[[ ENTRIES SUPPLIED open ]]

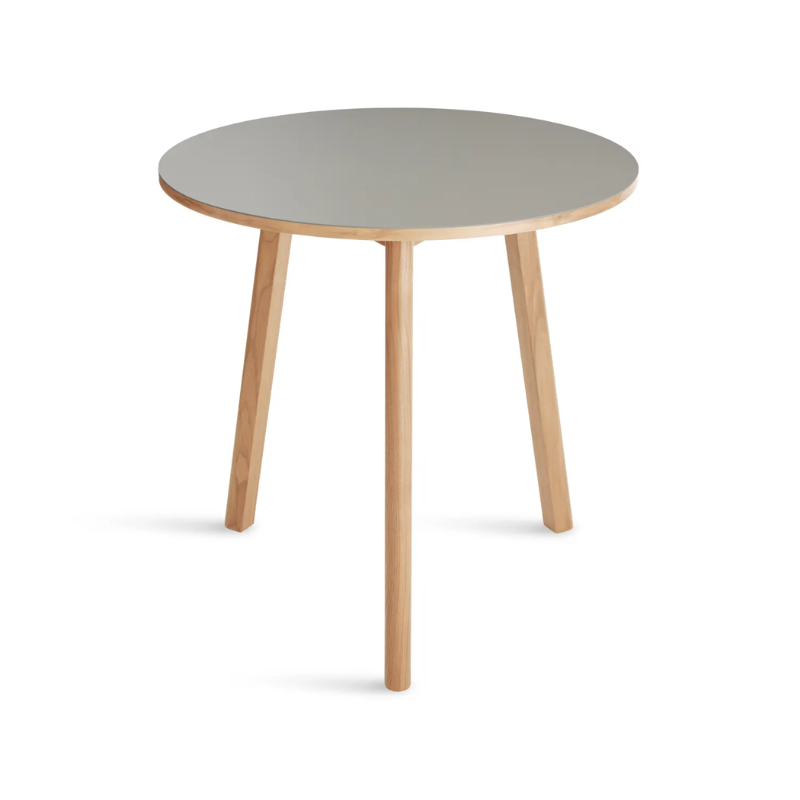 The 30 inch Apt Café Table from Blu Dot with putty table top and white oak body from a high angle.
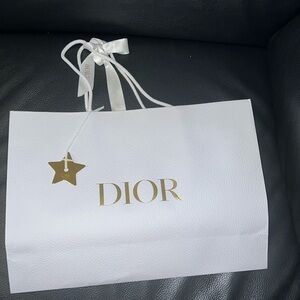 White Dior shopping bag with gold star shaped bag charm.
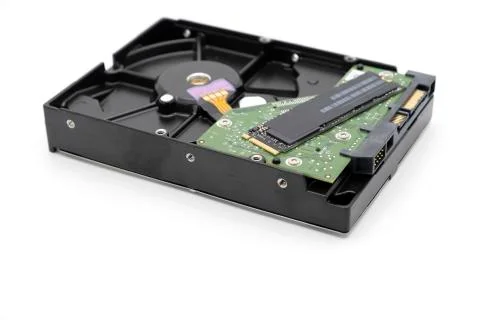 Solid state drive, new generation of storage drive on antique hard disk drive Stock Photos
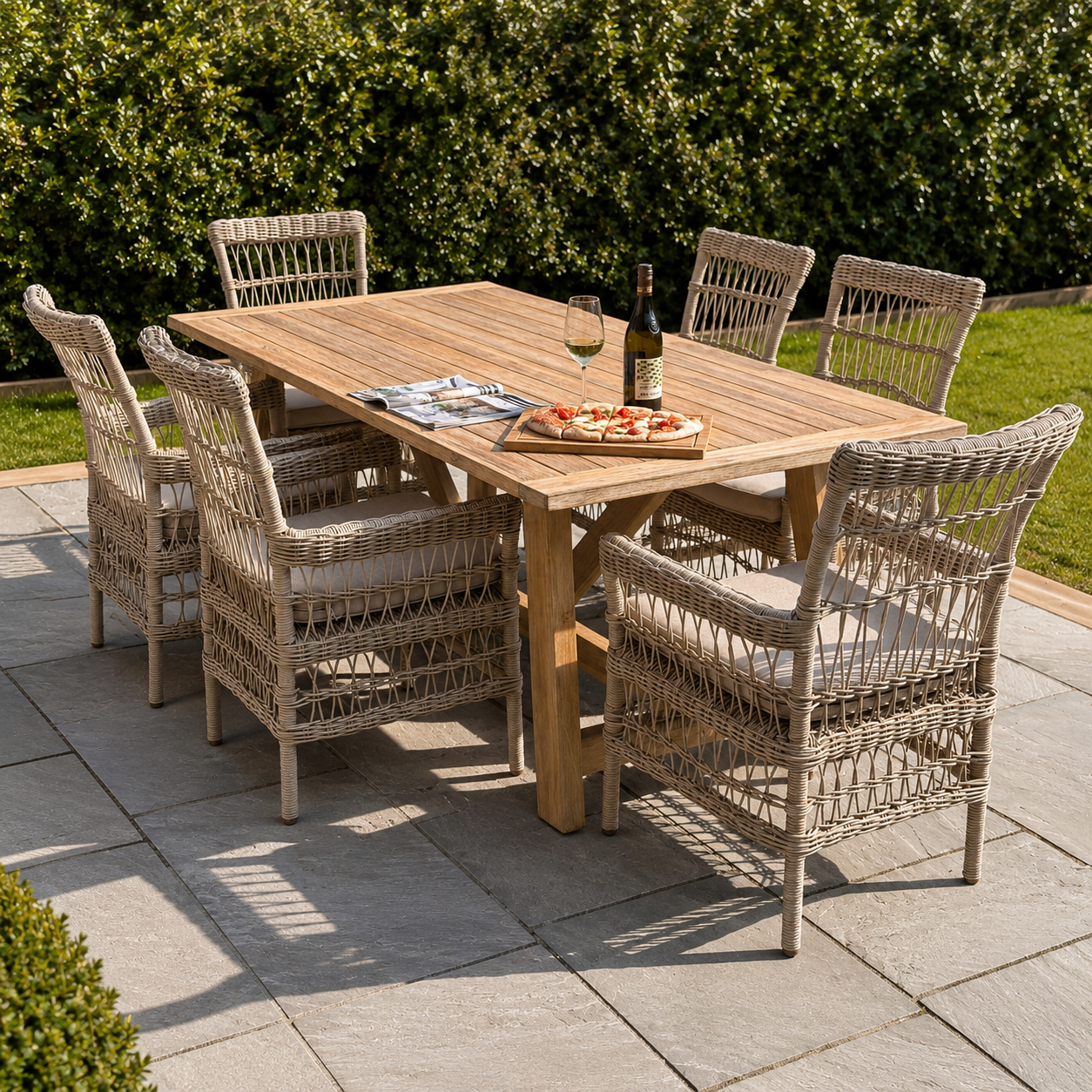 Outdoor dining setup with a wooden table and wicker chairs on a patio.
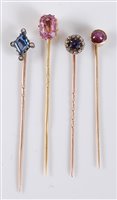 Lot 2509 - Four gemset stick pins: to include a pink...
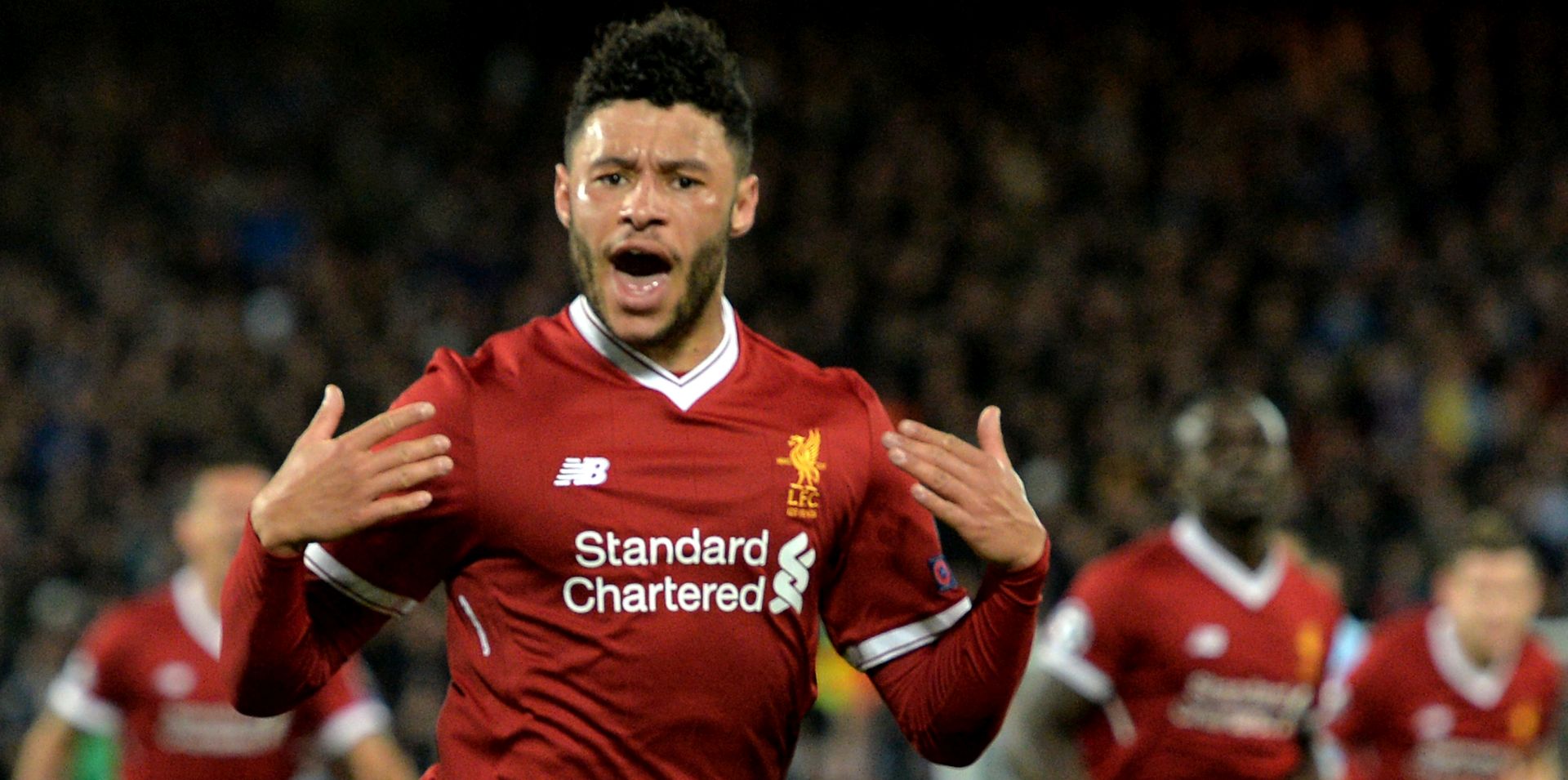 epa06645857 Liverpool's Alex Oxlade-Chamberlain celebrates after scoring the 2-0 lead during the UEFA Champions League quarter final first leg match between FC Liverpool and Manchester City at Anfield Road, Liverpool, Britain, 04 April 2018.  EPA/PETER POWELL
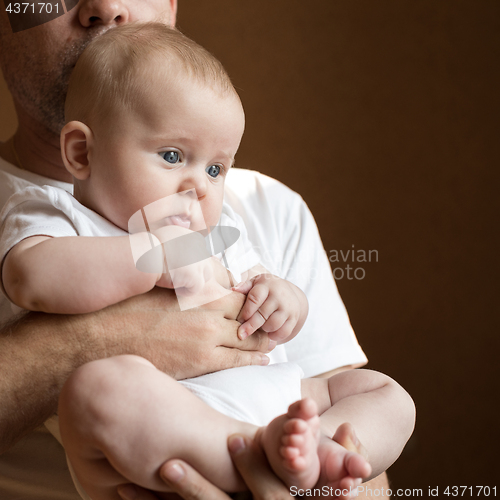 Image of Father Holding Newborn Baby Son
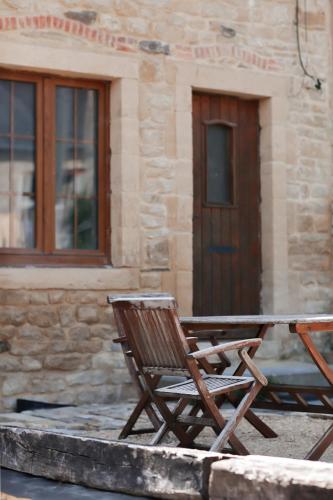 a couple of chairs sitting in front of a building at La Maison du Marcel in Sainte-Cécile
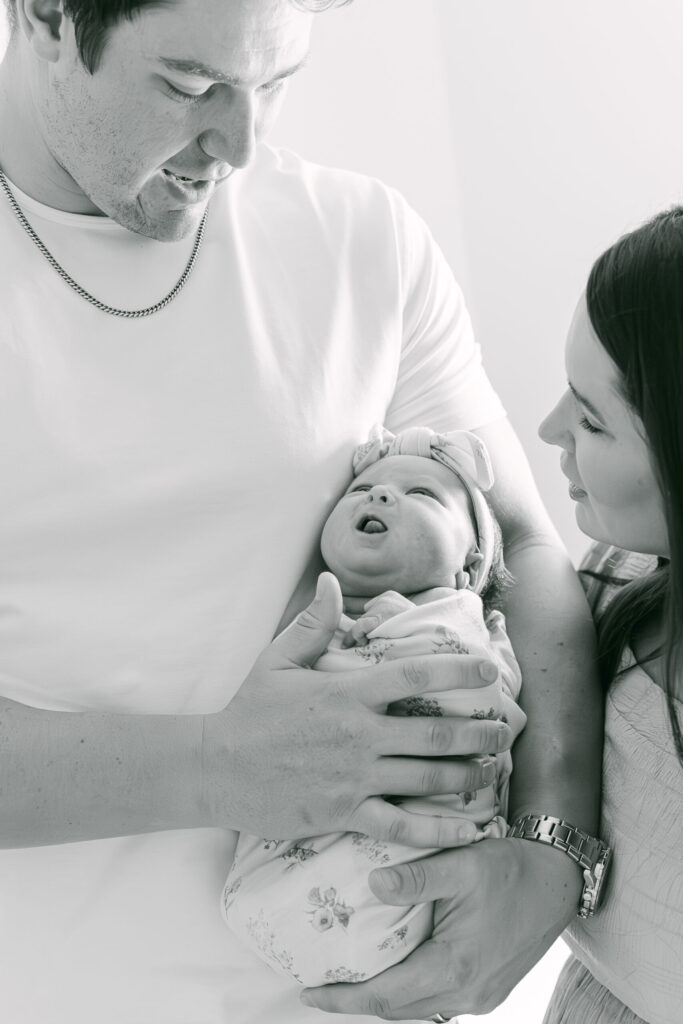 black and white dad holding baby girl for Lebanon ohio newborn photography session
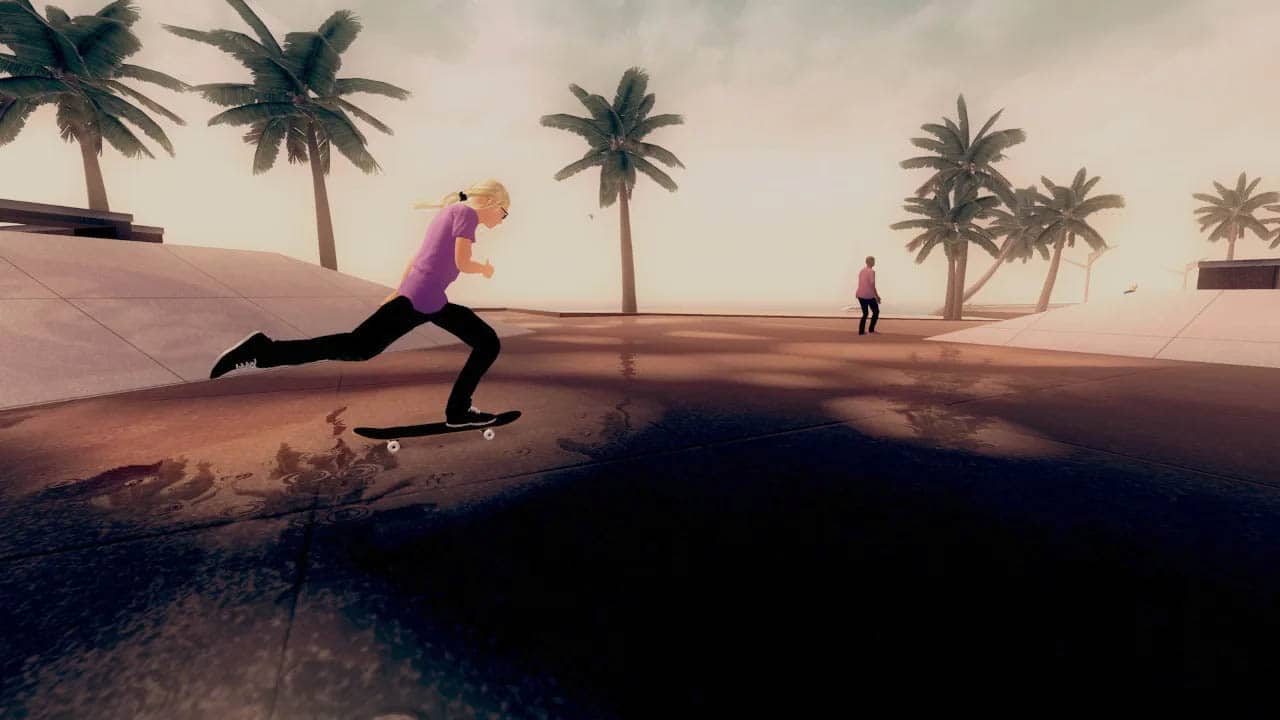 A skater skating in a an urban beach area with palm trees in the background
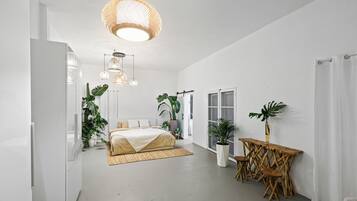 A spacious bedroom with a large bed, a dining area with a table and chairs, and multiple hanging lights.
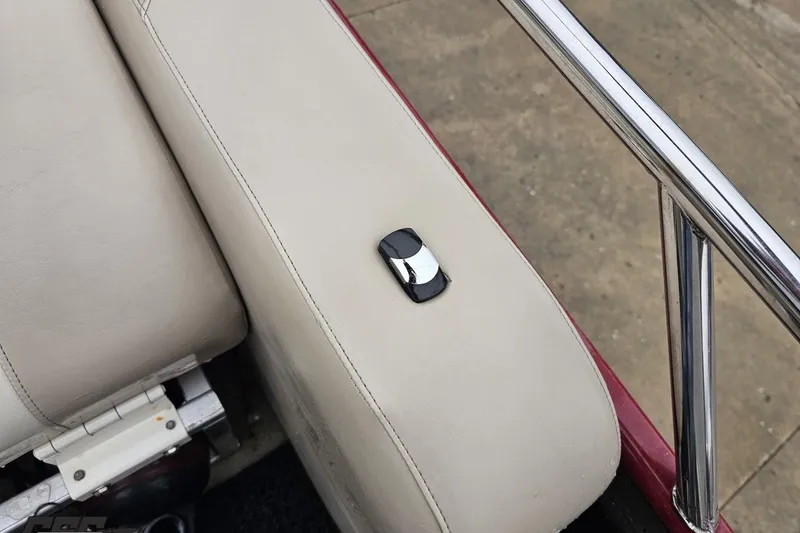 Slide: The Image of 2012 Tahoe Pontoon Vision 25' boat seat with chrome detail and railing. - 22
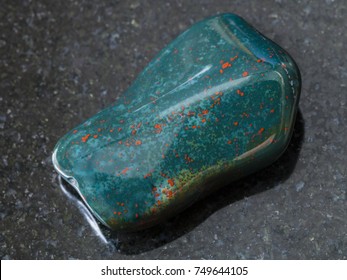 macro shooting of natural mineral rock specimen - polished green Heliotrope (bloodstone) gem stone on dark granite background from India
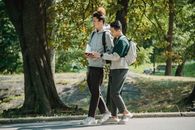 Side view of young stylish diverse male friends in casual outfits and backpacks walking together in path in park and preparing for exam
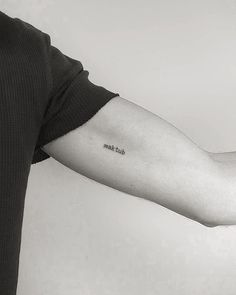 a man with a tattoo on his arm that reads, just ask me in black and white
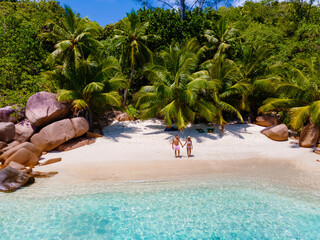 Praslin Seychelles tropical island with white beaches and palm trees, a couple of men and women mid age on vacation at Seychelles visiting the tropical bay of Anse Lazio Praslin Seychelles.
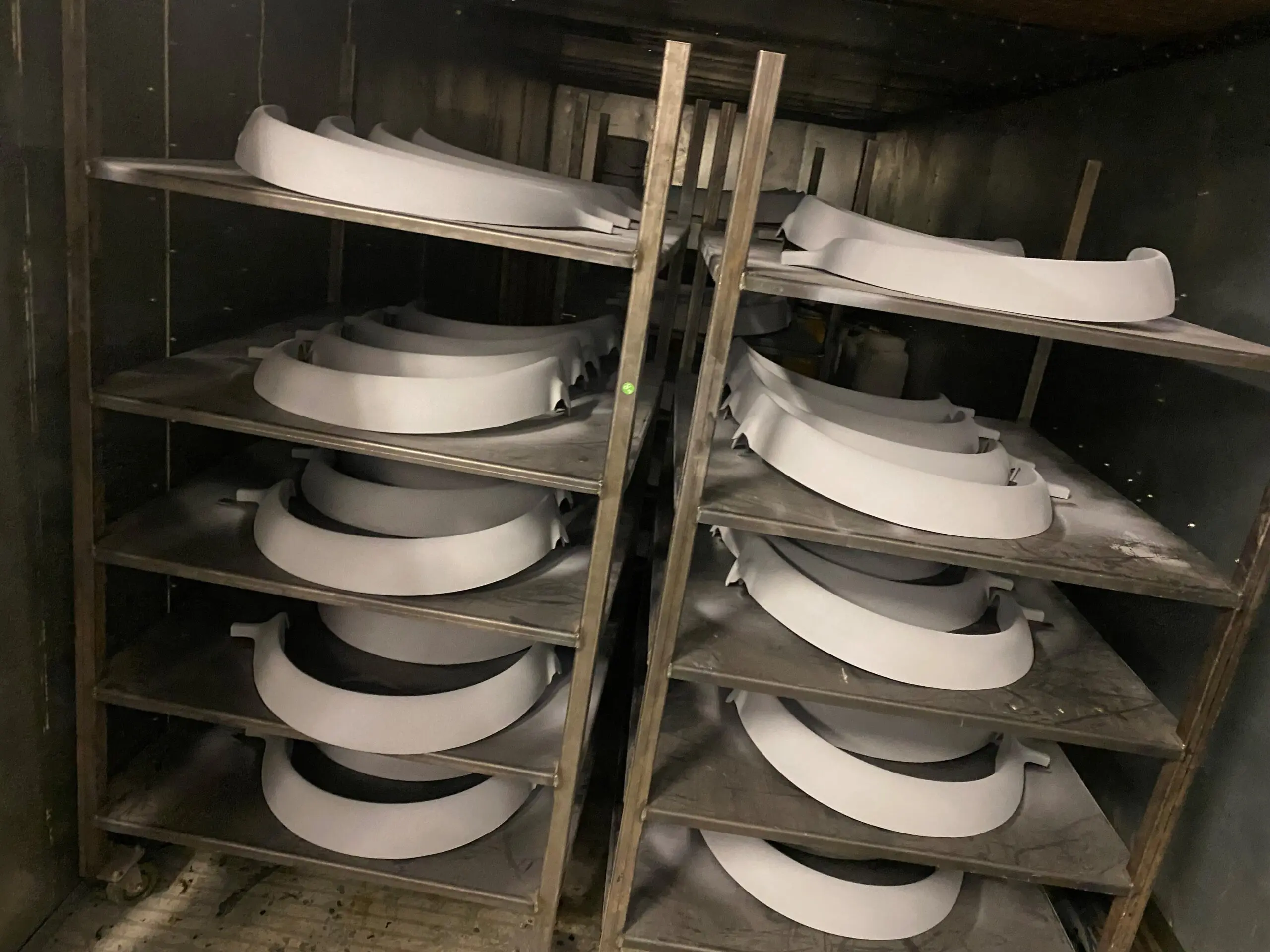 Stacks of white semi-circular curved components on metal shelves within an industrial oven or drying unit, likely mid-manufacturing.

[[ ENTRIES SUPPLIED closed ]]

_WHAT IS REQUIRED_: Set down each entry above word for word, without its pictures.

_TASK SOLUTION_:
 The 30 inch Apt Café Table from Blu Dot with putty table top and white oak body from a high angle.
 White Dior shopping bag with gold star shaped bag charm.
 Solid state drive, new generation of storage drive on antique hard disk drive Stock Photos
 Outdoor dining setup with a wooden table and wicker chairs on a patio.
 Lot 2509 - Four gemset stick pins: to include a pink...
 epa06645857 Liverpool's Alex Oxlade-Chamberlain celebrates after scoring the 2-0 lead during the UEFA Champions League quarter final first leg match between FC Liverpool and Manchester City at Anfield Road, Liverpool, Britain, 04 April 2018.  EPA/PETER POWELL
 Image of Father Holding Newborn Baby Son
 a couple of chairs sitting in front of a building at La Maison du Marcel in Sainte-Cécile
 black and white dad holding baby girl for Lebanon ohio newborn photography session
 A skater skating in a an urban beach area with palm trees in the background
 A spacious bedroom with a large bed, a dining area with a table and chairs, and multiple hanging lights.
 Slide: The Image of 2012 Tahoe Pontoon Vision 25' boat seat with chrome detail and railing. - 22
 macro shooting of natural mineral rock specimen - polished green Heliotrope (bloodstone) gem stone on dark granite background from India
 Side view of young stylish diverse male friends in casual outfits and backpacks walking together in path in park and preparing for exam
 a man with a tattoo on his arm that reads, just ask me in black and white
 Praslin Seychelles tropical island with white beaches and palm trees, a couple of men and women mid age on vacation at Seychelles visiting the tropical bay of Anse Lazio Praslin Seychelles.
 Stacks of white semi-circular curved components on metal shelves within an industrial oven or drying unit, likely mid-manufacturing.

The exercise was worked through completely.